Let us step back for just a second and take a look at the content life cycle as it is important to understand the nature of the content you are trying to quality assure.

Content has a life cycle of it’s own and the value of content is pretty much built up by it’s freshness (how breaking is the content), how unique is it, and how emotional the content is. Breaking news content will always be in high demand. The life time and stickiness of the content improves with supporting relevant material such as context, facts and opinions, together with providing the audience with the capability of interacting with the content with ratings, comments and topical forums.

The media scene is continuously moving more towards the ultimate content mashup between traditional and user generated media on a topical basis. The articles are no longer essay like, but more a mosaic of different media types, angles, presentations and such. Essentially, you will have three main components to the presentation:

  • The Report – The report is the foundation of the media experience. Anyone can report from anywhere via cellphone or PC, sharing news, images, videos and opinions.
  • The Related Voices, Opinions and Facts – Around the report multiple perspectives are woven together that is have a collection of news stories, blog posts, images and videos via contributors and aggregation.
  • Discuss and Rate – For each of the presentations you will enable the community to emotionally connect with others around the world through discussion, rate the story and in the community spirit complete the human story.

The key here, and it cannot be over exaggerated, in all of these components is the freedom of contribution, interaction and discussion. It is an absolutely necessity to have this free. It is the freedom of speech on steroids but still fact checked. It has to be free and open. To all people. By any means. Everywhere. Essentially, all these components build the human story and the provided context, facts and opinions built up by other user contributions and aggregation grounds the discussion. Ironically all these characteristics of the content actually provides you with the necessary components of the quality assurance system. It is the ultimate long-tail system.

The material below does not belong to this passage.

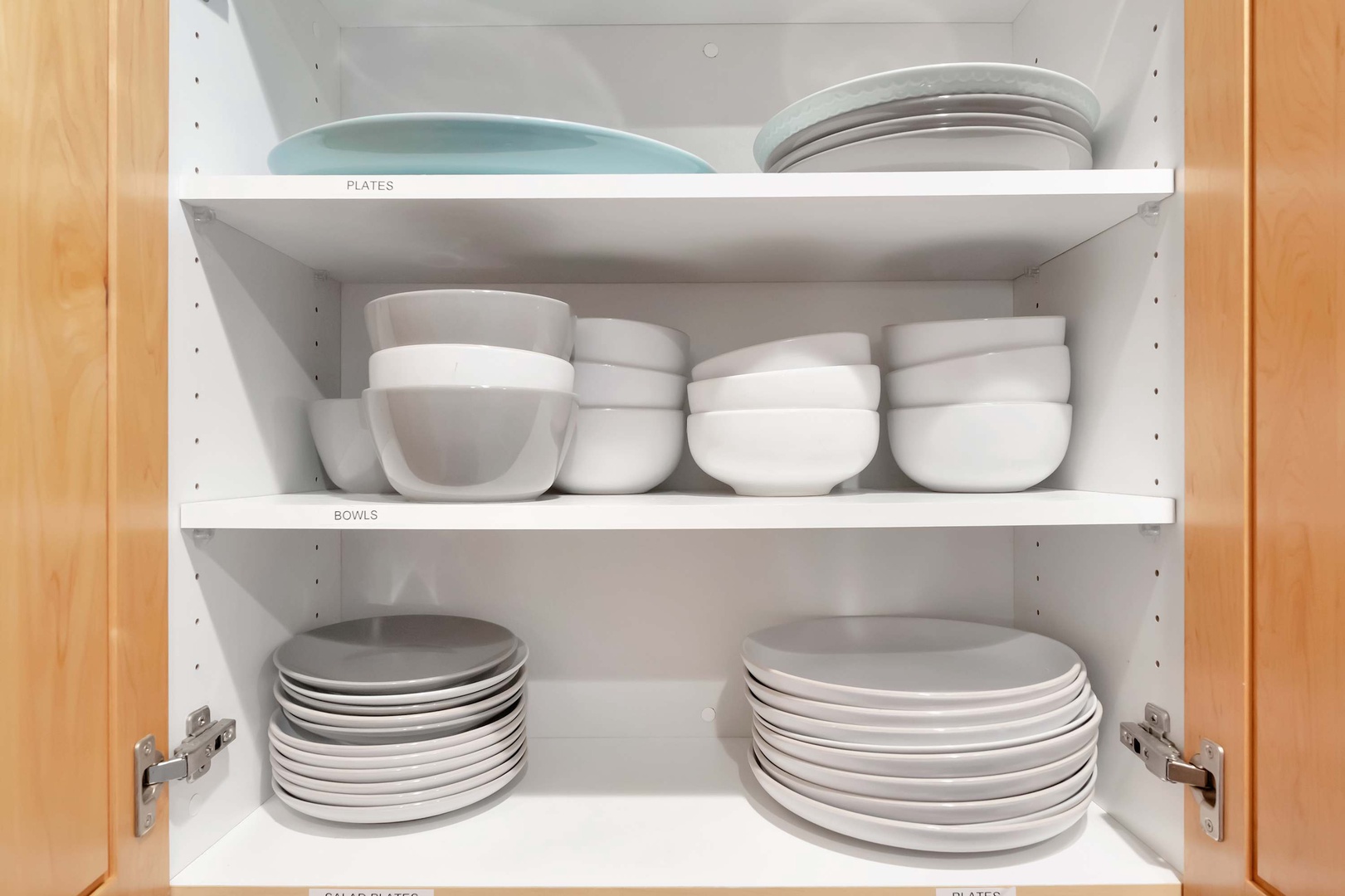 Your kitchen comes stocked with everything you need—neatly organized plates, bowls, and dinnerware ready for easy meal prep and serving.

I usually describe the new content media arena with the analogy of imagining a party. Which party would you like to go to: the party with all the detailed instructions what to wear, what to do, what to not say, what to say. Or would you prefer the laid back come as you are party. I would choose the rock n’ roll party any day. Why? It is fun. It is free. But… Most importantly I can relate to it. I can relate to it. That is the key. Sure, you will need some logistics for the rock n’ roll party too, but the script is not already set. (I know a bit put over the top but you see what I mean.) The key is the creativity, the ability to play, the ability to experiment yet within a loosely defined playground defined by all it is participants as well as maintainers.

You have to be able to relate to the media you consume. It has to be human. You realize now that media is not about what you think others think. It is about bringing that human face to the story with all its warts, dirt and shit. But it is real. It is authentic. It is genuine. It is the real story. Not perfect, but relatable. Yiiiha!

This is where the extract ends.